- **ASSIGNED TASK**
From the line containing "Across the way" through the last line of the data, both ends included, write out every line exactly; omit the pictures.

- **PROVIDED MATERIAL**
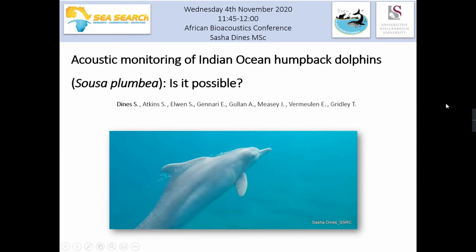Welcome everyone. I am a PhD student at Stellenbosch University and my project is focused on the bioacoustics of the Indian Ocean humpback dolphin in southern Africa, using potential signature whistles as individual markers for monitoring. This presentation will present some of the pilot work I've been involved in over the past year, exploring signature whistle use in this species and whether signature whistles are suitable for mark-recapture studies.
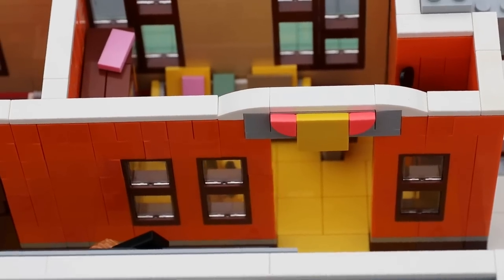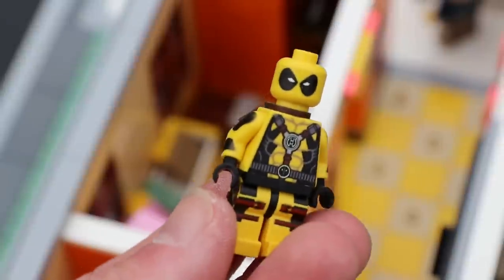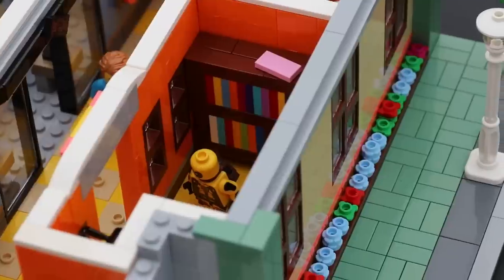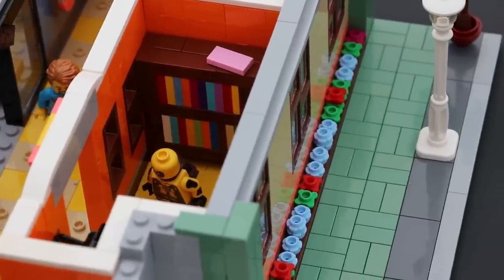Across the way is the bright and poppy comic book store. To fit the theme, I put my custom Deadpool figure in there. It has some bins that you can flip through to find the comic book of your choice, and a bookshelf along the back wall that lets you see all the comic books it has.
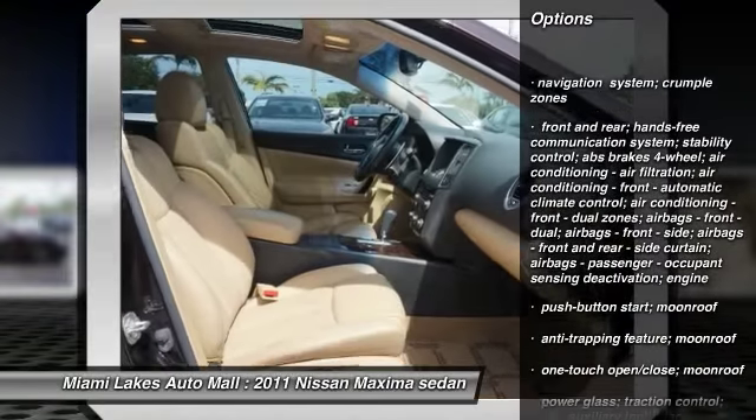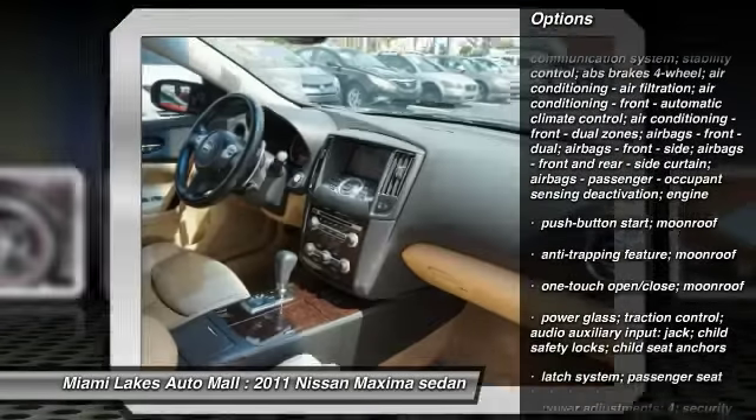Searching for a dependable vehicle that looks great too? You've found it, so stop in today.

- **SOLVED EXERCISE**
Across the way is the bright and poppy comic book store. To fit the theme, I put my custom Deadpool figure in there. It has some bins that you can flip through to find the comic book of your choice, and a bookshelf along the back wall that lets you see all the comic books it has.
Searching for a dependable vehicle that looks great too? You've found it, so stop in today.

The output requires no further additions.